++++ Records shown ++++

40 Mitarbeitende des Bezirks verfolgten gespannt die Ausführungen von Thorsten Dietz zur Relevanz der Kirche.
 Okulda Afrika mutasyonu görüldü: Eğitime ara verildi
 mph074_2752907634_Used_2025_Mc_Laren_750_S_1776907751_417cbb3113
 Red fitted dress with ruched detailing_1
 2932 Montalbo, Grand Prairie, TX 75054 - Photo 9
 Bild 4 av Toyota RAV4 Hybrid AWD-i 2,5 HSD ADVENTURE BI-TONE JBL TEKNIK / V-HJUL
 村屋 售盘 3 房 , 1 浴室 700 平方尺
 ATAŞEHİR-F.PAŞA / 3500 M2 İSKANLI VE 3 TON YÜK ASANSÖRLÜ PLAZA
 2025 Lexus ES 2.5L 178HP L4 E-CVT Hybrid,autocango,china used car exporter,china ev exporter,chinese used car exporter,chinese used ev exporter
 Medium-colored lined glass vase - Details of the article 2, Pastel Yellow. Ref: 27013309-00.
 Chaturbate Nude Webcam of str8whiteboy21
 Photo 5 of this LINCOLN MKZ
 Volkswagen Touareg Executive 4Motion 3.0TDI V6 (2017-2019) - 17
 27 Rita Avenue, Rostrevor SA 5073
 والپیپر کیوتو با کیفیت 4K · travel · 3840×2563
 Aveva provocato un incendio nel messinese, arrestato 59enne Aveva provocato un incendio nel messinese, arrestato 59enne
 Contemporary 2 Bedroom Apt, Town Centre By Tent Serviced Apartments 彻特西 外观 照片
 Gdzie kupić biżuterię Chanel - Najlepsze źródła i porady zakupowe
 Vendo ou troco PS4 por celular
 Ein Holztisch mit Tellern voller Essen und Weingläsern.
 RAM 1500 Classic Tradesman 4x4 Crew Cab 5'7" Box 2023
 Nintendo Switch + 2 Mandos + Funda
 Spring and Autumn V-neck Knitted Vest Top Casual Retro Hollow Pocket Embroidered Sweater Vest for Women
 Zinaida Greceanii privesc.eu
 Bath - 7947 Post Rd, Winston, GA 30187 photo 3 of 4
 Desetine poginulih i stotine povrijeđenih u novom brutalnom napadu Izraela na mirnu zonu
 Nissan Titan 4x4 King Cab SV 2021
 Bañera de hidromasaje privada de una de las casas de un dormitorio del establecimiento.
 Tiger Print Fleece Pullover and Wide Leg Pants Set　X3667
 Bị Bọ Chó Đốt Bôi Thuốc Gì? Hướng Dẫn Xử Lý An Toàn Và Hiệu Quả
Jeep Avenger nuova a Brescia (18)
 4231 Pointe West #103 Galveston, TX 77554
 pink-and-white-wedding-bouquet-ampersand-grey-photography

++++

> [How to complete this task]: Repeat each of the entries exactly.

> [Completed exercise]:
40 Mitarbeitende des Bezirks verfolgten gespannt die Ausführungen von Thorsten Dietz zur Relevanz der Kirche.
 Okulda Afrika mutasyonu görüldü: Eğitime ara verildi
 mph074_2752907634_Used_2025_Mc_Laren_750_S_1776907751_417cbb3113
 Red fitted dress with ruched detailing_1
 2932 Montalbo, Grand Prairie, TX 75054 - Photo 9
 Bild 4 av Toyota RAV4 Hybrid AWD-i 2,5 HSD ADVENTURE BI-TONE JBL TEKNIK / V-HJUL
 村屋 售盘 3 房 , 1 浴室 700 平方尺
 ATAŞEHİR-F.PAŞA / 3500 M2 İSKANLI VE 3 TON YÜK ASANSÖRLÜ PLAZA
 2025 Lexus ES 2.5L 178HP L4 E-CVT Hybrid,autocango,china used car exporter,china ev exporter,chinese used car exporter,chinese used ev exporter
 Medium-colored lined glass vase - Details of the article 2, Pastel Yellow. Ref: 27013309-00.
 Chaturbate Nude Webcam of str8whiteboy21
 Photo 5 of this LINCOLN MKZ
 Volkswagen Touareg Executive 4Motion 3.0TDI V6 (2017-2019) - 17
 27 Rita Avenue, Rostrevor SA 5073
 والپیپر کیوتو با کیفیت 4K · travel · 3840×2563
 Aveva provocato un incendio nel messinese, arrestato 59enne Aveva provocato un incendio nel messinese, arrestato 59enne
 Contemporary 2 Bedroom Apt, Town Centre By Tent Serviced Apartments 彻特西 外观 照片
 Gdzie kupić biżuterię Chanel - Najlepsze źródła i porady zakupowe
 Vendo ou troco PS4 por celular
 Ein Holztisch mit Tellern voller Essen und Weingläsern.
 RAM 1500 Classic Tradesman 4x4 Crew Cab 5'7" Box 2023
 Nintendo Switch + 2 Mandos + Funda
 Spring and Autumn V-neck Knitted Vest Top Casual Retro Hollow Pocket Embroidered Sweater Vest for Women
 Zinaida Greceanii privesc.eu
 Bath - 7947 Post Rd, Winston, GA 30187 photo 3 of 4
 Desetine poginulih i stotine povrijeđenih u novom brutalnom napadu Izraela na mirnu zonu
 Nissan Titan 4x4 King Cab SV 2021
 Bañera de hidromasaje privada de una de las casas de un dormitorio del establecimiento.
 Tiger Print Fleece Pullover and Wide Leg Pants Set　X3667
 Bị Bọ Chó Đốt Bôi Thuốc Gì? Hướng Dẫn Xử Lý An Toàn Và Hiệu Quả
Jeep Avenger nuova a Brescia (18)
 4231 Pointe West #103 Galveston, TX 77554
 pink-and-white-wedding-bouquet-ampersand-grey-photography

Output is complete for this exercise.